Das Museum zum Roman: Nobelpreisträger Orhan Pamuk hat einen neuen Roman veröffentlicht. Das fiktive Museum der täglichen Dinge darin, wird jetzt Wirklichkeit.
Von der Stadt auf der anderen Seite des Meeres dringt ein Brummen herüber. Morgens klingt es heller und lauter, abends ist der Ton deutlich tiefer und leiser. Aber das Geräusch ist immer da. Nie ist es still. Wenn Orhan Pamuk in seiner Sommerwohnung auf einer der Prinzeninseln am Schreibtisch sitzt, kann er Istanbul nicht sehen. Pinien, wilde Pistazien, Lorbeerkirschen versperren ihm den Blick auf das Wasser und auf die Stadt, die sich in einem gewaltigen Bogen um die Prinzeninseln streckt. Aber er hört die Stadt, er kann ihrem Ton nicht entgehen. Von der Kuppe eines Hügels oberhalb des Hauses, zwischen struppigem Gras und Feigenbüschen, sieht man sie dann: Von Büyükçekmece im Westen bis nach Gebze im Osten reicht die Stadt, immer an der Küste des Marmara-Meeres entlang, und das sind siebzig oder neunzig oder noch mehr Kilometer. Als die Häuser hier gebaut wurden, in den sechziger Jahren, im Bungalow-Stil mit Souterrain, lagen gegenüber nur ein paar Fischerdörfer. Die Hochhäuser, die Moscheen, die Uferpromenaden, die Fabriken, die Autobahnen, ja, auch die Menschen - es ist alles neu.

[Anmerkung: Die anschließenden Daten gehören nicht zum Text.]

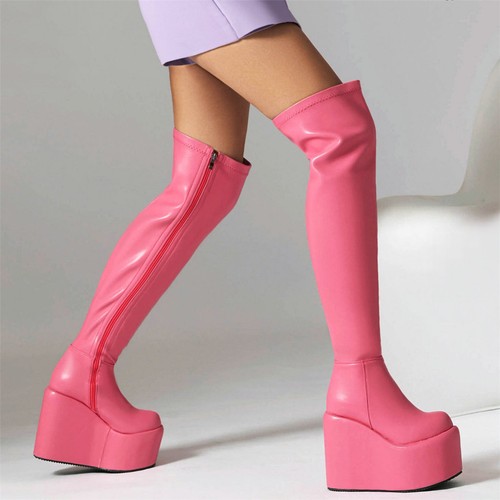 Thigh High Over The Knee Boots Pointy Toe Zipper Womens High Heel Platform Boots - Picture 4 of 16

"Das Museum der Unschuld", Orhan Pamuks neuer Roman, handelt von Füsun und Kemal, einer jungen Frau, die in einer Boutique aushilft, und von einem kaum älteren Mann, der dabei ist, eine standesgemäße Verlobung einzugehen und als Unternehmer das Erbe seines Vaters anzutreten.